Was Jesus an diesem Sabbat in der Synagoge von Kafarnaum lehrte, wissen wir nicht. Offenbar war das für den Evangelisten Markus an dieser Stelle nicht das Wichtigste. Ihm ging es offenbar um die Wirkung, die Jesus mit seiner Lehre auslöste – und diese war phänomenal, ja eine Sensation.

„Die Menschen waren voller Staunen“, heißt es da. Denn Jesus lehrte „wie einer, der Vollmacht“ hatte.

Um diese Vollmacht Jesu noch zu unterstreichen, schildert Markus dessen Auseinandersetzung mit den Dämonen, „den unreinen Geistern“, also mit jenen Mächten, denen sich der Mensch normalerweise hilflos ausgeliefert erlebt und die nur Gott selbst beherrschen kann. Und genau das tut Jesus. Die Dämonen gehorchen seinem Befehl: „Schweig und verlass ihn!“ Eindeutiger kann man nicht mehr demonstrieren und beweisen, dass man der „Heilige Gottes“ ist, der Allmächtige, der allein dem Bösen in der Welt die Stirn bieten kann.

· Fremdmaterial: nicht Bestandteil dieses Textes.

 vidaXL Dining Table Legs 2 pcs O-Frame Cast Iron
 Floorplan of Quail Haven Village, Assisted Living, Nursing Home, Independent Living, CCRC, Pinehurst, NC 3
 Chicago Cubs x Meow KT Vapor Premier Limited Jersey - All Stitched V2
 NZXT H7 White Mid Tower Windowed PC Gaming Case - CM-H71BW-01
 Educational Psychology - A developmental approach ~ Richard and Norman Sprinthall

Genau das will der Evangelist Markus uns mit seiner Schilderung deutlich machen: Jesus ist der Heilige Gottes, der mit Vollmacht auftritt. Ihm gehorchen sogar die Dämonen. Niemand und nichts ist mächtiger als er.

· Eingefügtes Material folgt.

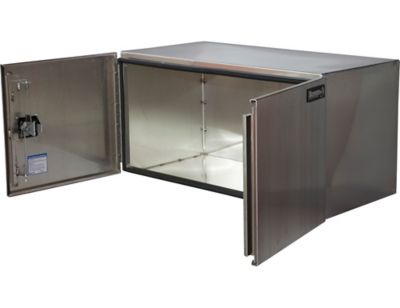 Image showing  Smooth Aluminum Barn Door Underbody Truck Box, 24 in. x 24 in. x 48 in.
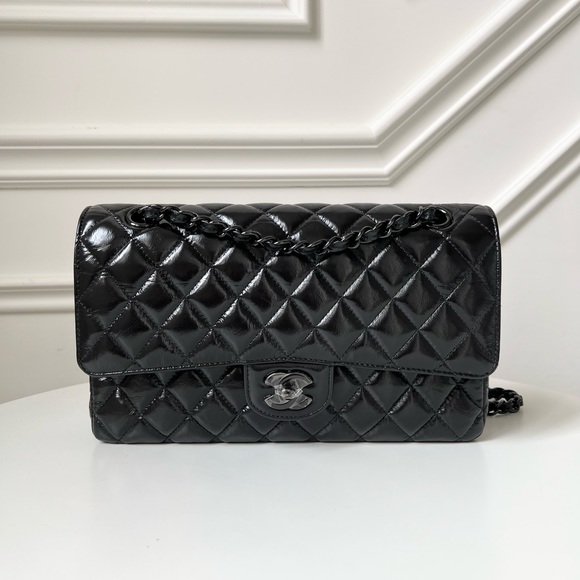 —SOLD—CHANEL M CLASSIC SO BLACK - Picture 1 of 12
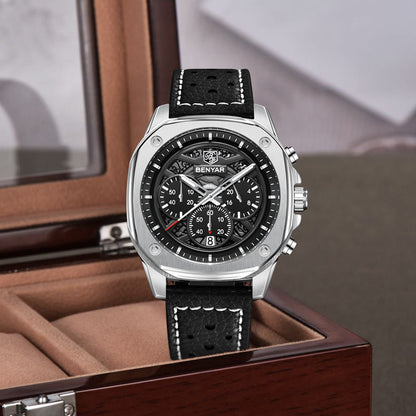 BENYAR CHRONOGRAPHE CUIR | HOMME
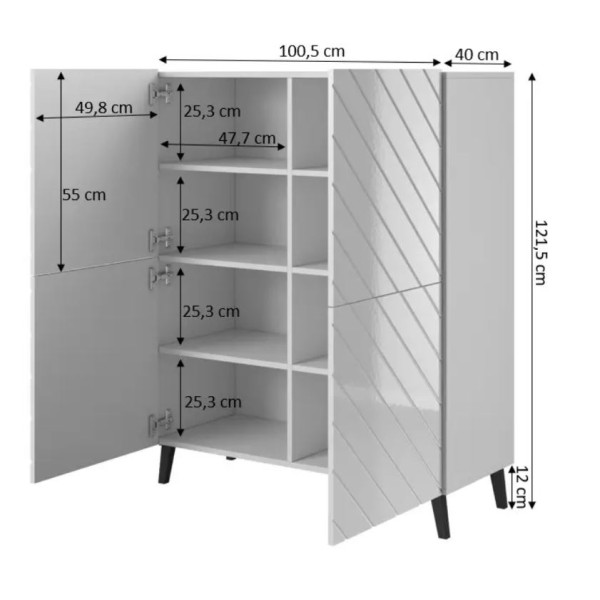 Комод Abeto 100 для вашої вітальні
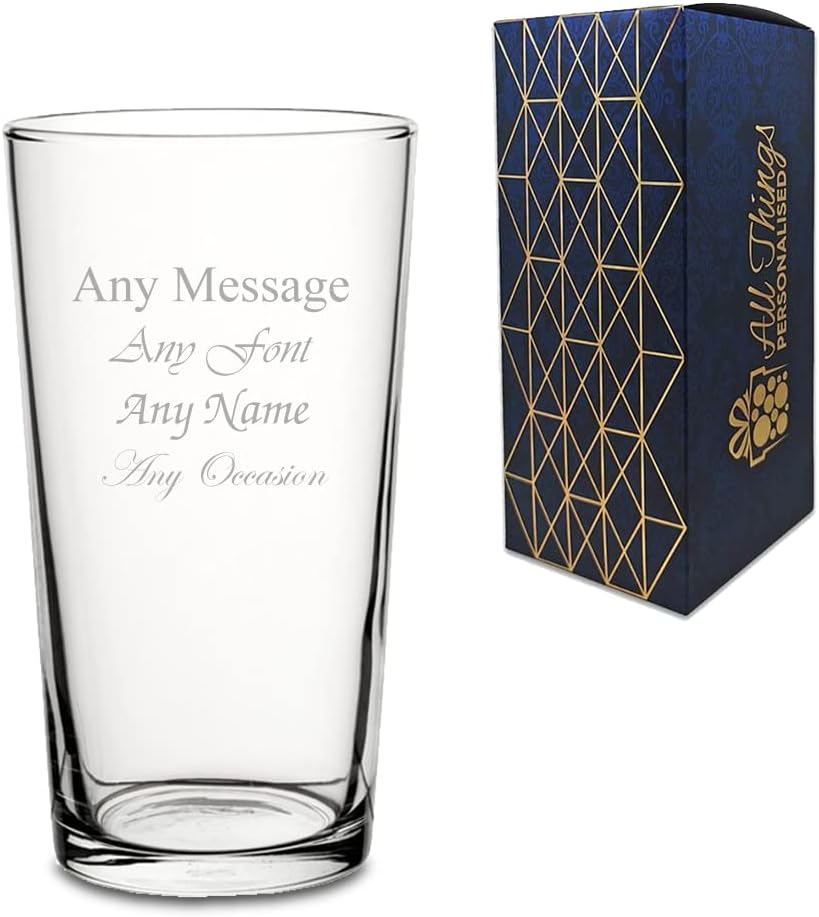 Personalised Engraved Perfect Pint Glass Wedding Birthday Usher Gift Best Man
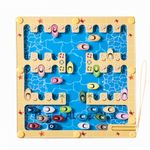 AVENLAND Magnetic Alphabet Letter Maze - Educational Montessori Toy for Kids 3+ Year Old, Wooden Puzzle Activity Board, Fine Motor Skill Toys for Toddlers, Gift Idea for Boys and Girls 3 4 5 Year Old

Für die Menschen damals, war das etwas völlig Neues und Unerhörtes, und es versetzte sie in Staunen und Erschrecken. Für uns heute wäre es notwendig, dass wir uns von dieser Vollmacht Jesu wieder neu treffen lassen. Glaube ich denn noch daran, dass Jesus Christus in unserer Welt tatsächlich mit Vollmacht wirkt? Erschreckt er uns noch? Versetzt er uns überhaupt noch in Staunen? Oder ist sein Tun, seine Lehre, etwas geworden, das ich schon so oft hörte, sodass es mich nicht mehr besonders bewegt, ja betrachte ich diese Schilderungen nur noch als Ereignisse aus alter Vergangenheit, oder erkenne ich darin das Wort Gottes, dessen Macht mich heute, hier und jetzt, treffen will. Denn genauso sollte es eigentlich sein. Das Wort Gottes ist kein bloßer Text, der vor 2000 Jahren einmal aufgeschrieben wurde, es spricht genauso zu mir in der Gegenwart und will mich mit voller Wucht treffen.

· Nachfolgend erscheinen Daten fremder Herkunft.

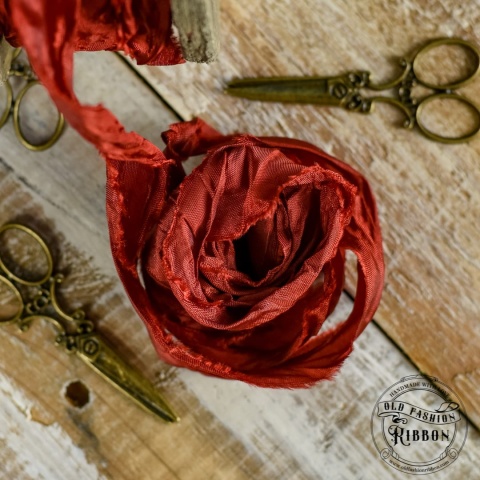 Zestaw wstążek Old Fashion Ribbon 5szt rdzawy brąz OLDSZ-26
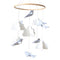 Baby Crib Mobile (Birds and Clouds) - Nursery Decor Ceiling Mobile for Boys & Girls - Crib Accessories - Grey & White...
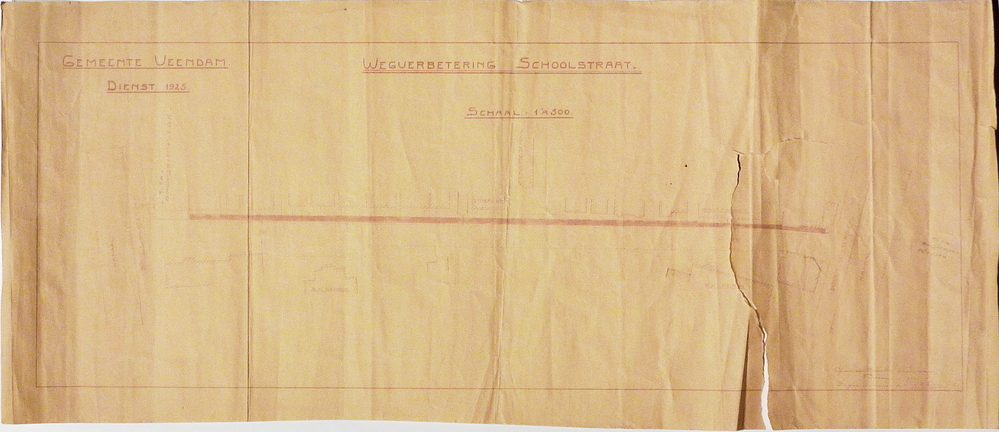 wegverbetering Schoolstraat   1925
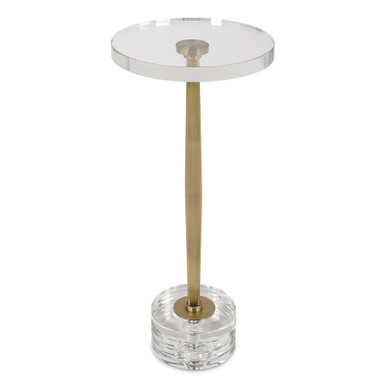 Groove Drink Table 23.75 Inch Tall and 10.25 Inch Wide by Uttermost - 22908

Vielleicht sollten wir uns in diesem Zusammenhang wieder einmal an eine Gabe des Heiligen Geistes erinnern, die uns geschenkt ist, nämlich die Gabe der Gottesfurcht. Dabei geht es nicht darum, dass wir vor der Größe Gottes, denen selbst die unreinen Geister und Dämonen gehorchen, Angst haben sollen … Es geht bei dieser Gabe nicht um Angst, sondern um Ehrfurcht. Oder wie der heilige Franz von Sales schreibt: Diese Tugend der Gottesfurcht „lässt uns erfassen, wie sehr wir von seiner alles beherrschenden Allmacht abhängig sind, was uns anregt, zu ihr zu beten“ (DASal 4,279).

Und in einem Brief schreibt der heilige Franz von Sales: „Es ist gar nicht schlecht, manchmal vor Gott zu zittern, in dessen Gegenwart die Engel selbst erzittern, wenn sie ihn in seiner ganzen Majestät erblicken“ (DASal 6,160). Damit entgehen wir der Gefahr, den unendlich großen Gott in seiner Allmacht durch unser Denken und Handeln nicht entsprechend zu würdigen.

Jesus Christus lehrte wie einer, der Vollmacht hat. Das versetzte die Menschen in Staunen und Erschrecken. Vielleicht sollten uns auch wir wieder einmal von Gott in Staunen versetzen und erschrecken lassen, damit wir voller Ehrfurcht ausrufen: „Du bist der Heilige Gottes“. Amen.